## Assignment:
Pictures aside, reproduce exactly and only the lines below, starting at the one containing "13204 Onion Creek Dr, Manchaca, TX 78652" and ending at the last line.

## Material supplied:
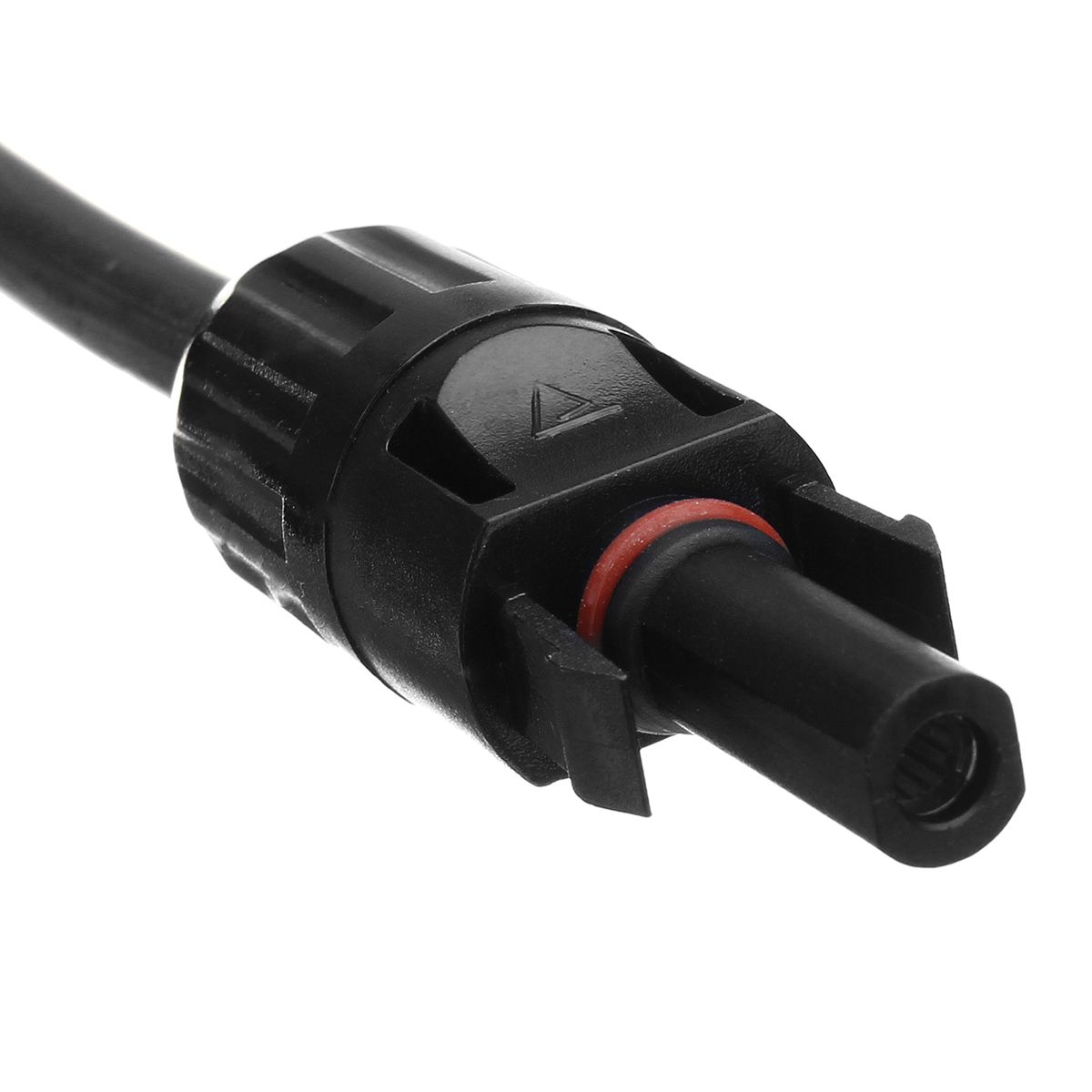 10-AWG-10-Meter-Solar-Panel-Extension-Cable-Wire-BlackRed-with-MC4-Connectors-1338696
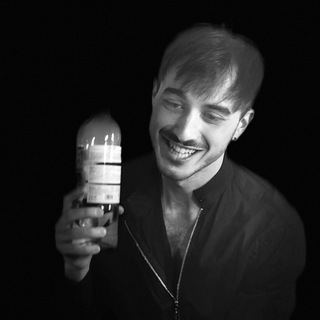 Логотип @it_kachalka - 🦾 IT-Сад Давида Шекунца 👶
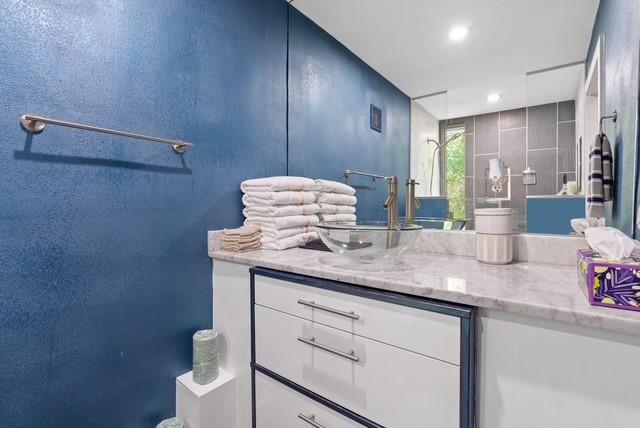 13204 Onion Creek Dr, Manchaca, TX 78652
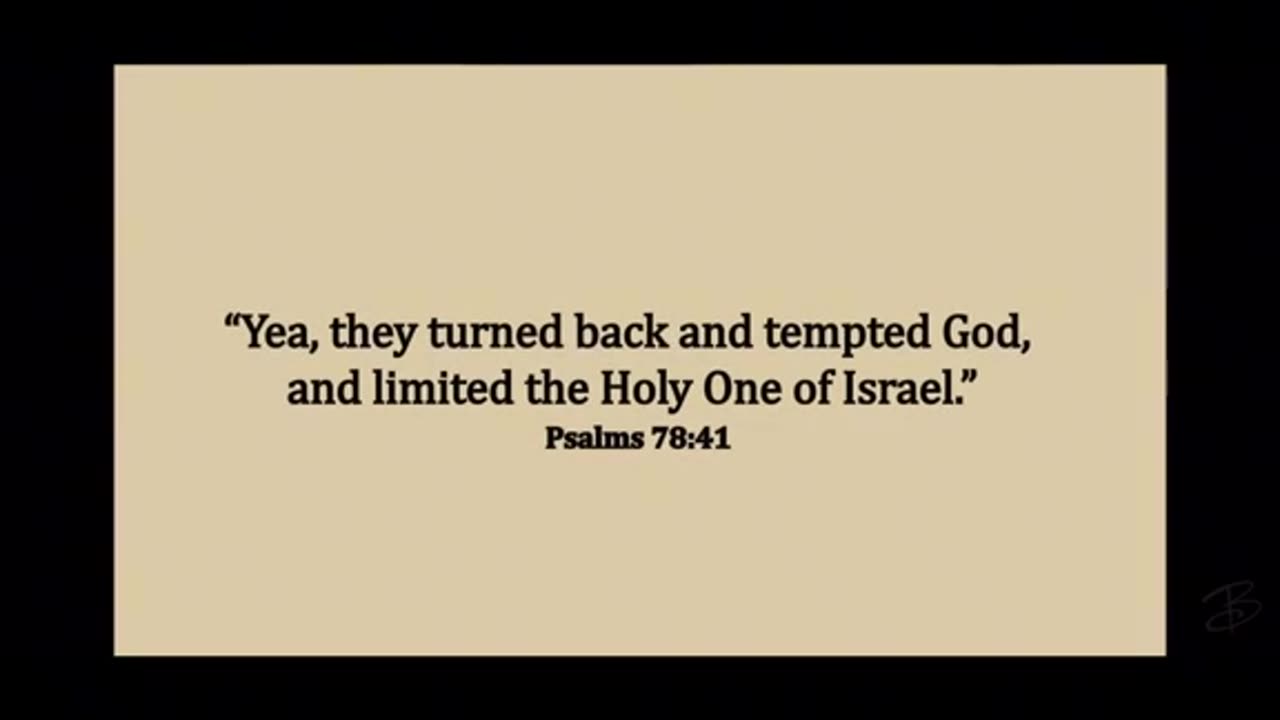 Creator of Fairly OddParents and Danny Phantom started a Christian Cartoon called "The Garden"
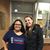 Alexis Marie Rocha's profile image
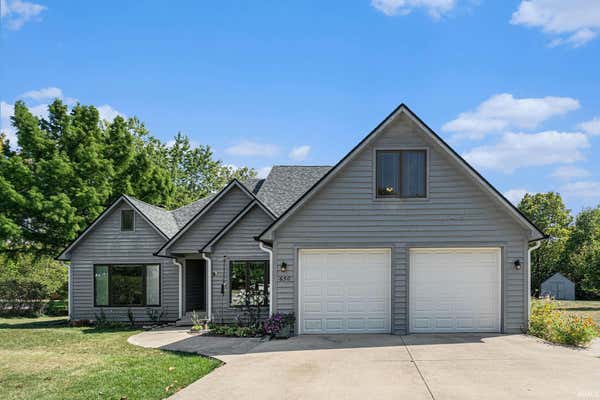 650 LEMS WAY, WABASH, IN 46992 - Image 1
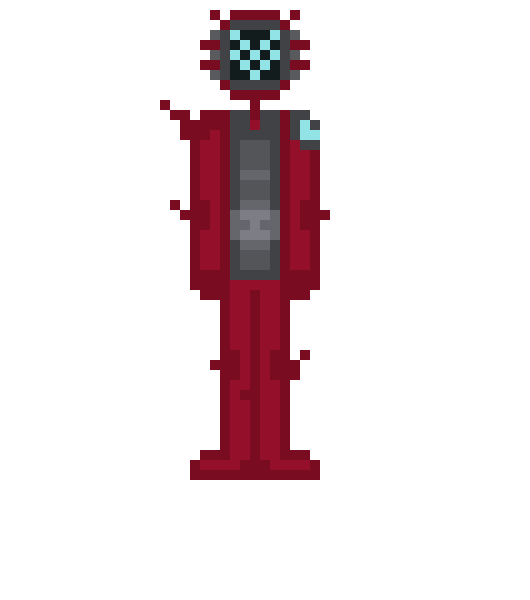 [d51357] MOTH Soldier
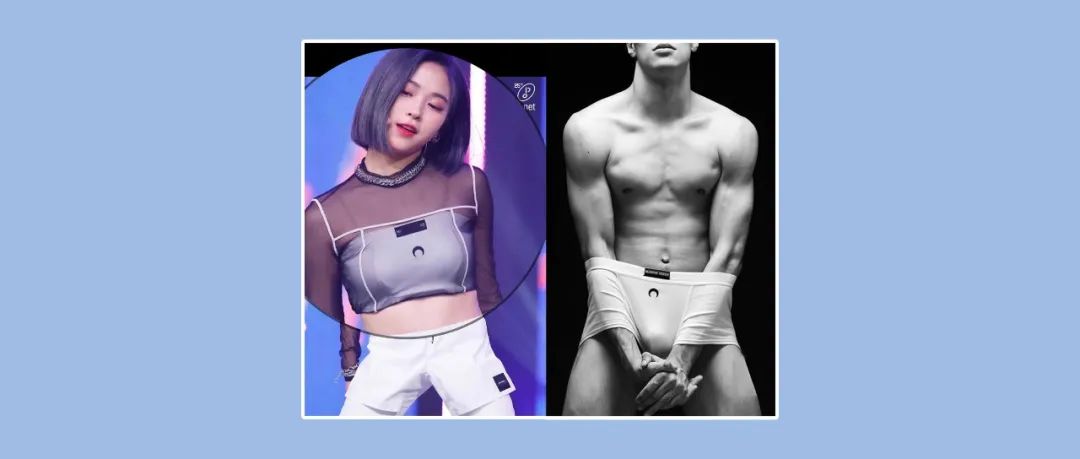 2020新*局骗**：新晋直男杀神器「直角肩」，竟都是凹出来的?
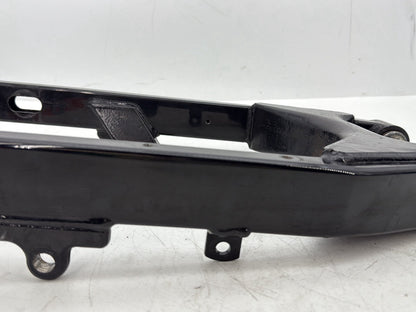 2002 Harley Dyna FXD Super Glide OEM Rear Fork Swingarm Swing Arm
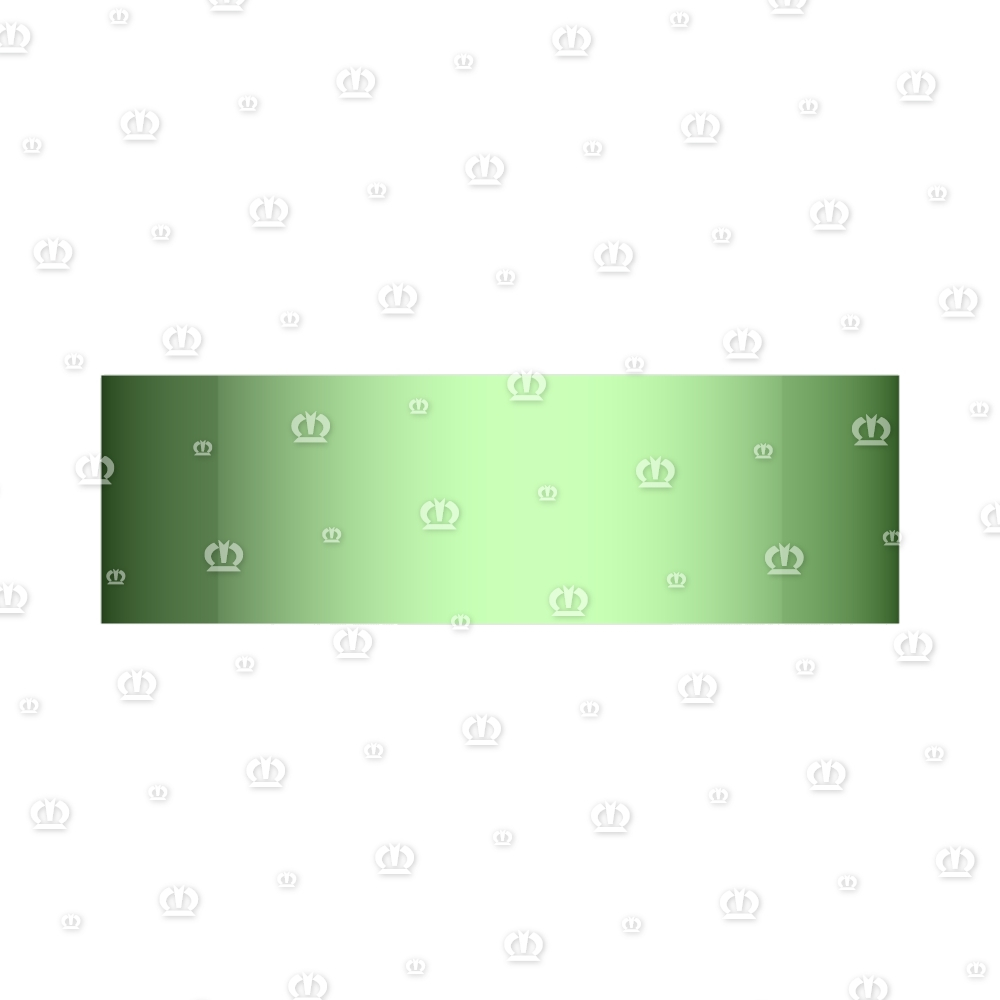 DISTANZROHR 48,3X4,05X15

## Reply:
 13204 Onion Creek Dr, Manchaca, TX 78652
 Creator of Fairly OddParents and Danny Phantom started a Christian Cartoon called "The Garden"
 Alexis Marie Rocha's profile image
 650 LEMS WAY, WABASH, IN 46992 - Image 1
 [d51357] MOTH Soldier
 2020新*局骗**：新晋直男杀神器「直角肩」，竟都是凹出来的?
 2002 Harley Dyna FXD Super Glide OEM Rear Fork Swingarm Swing Arm
 DISTANZROHR 48,3X4,05X15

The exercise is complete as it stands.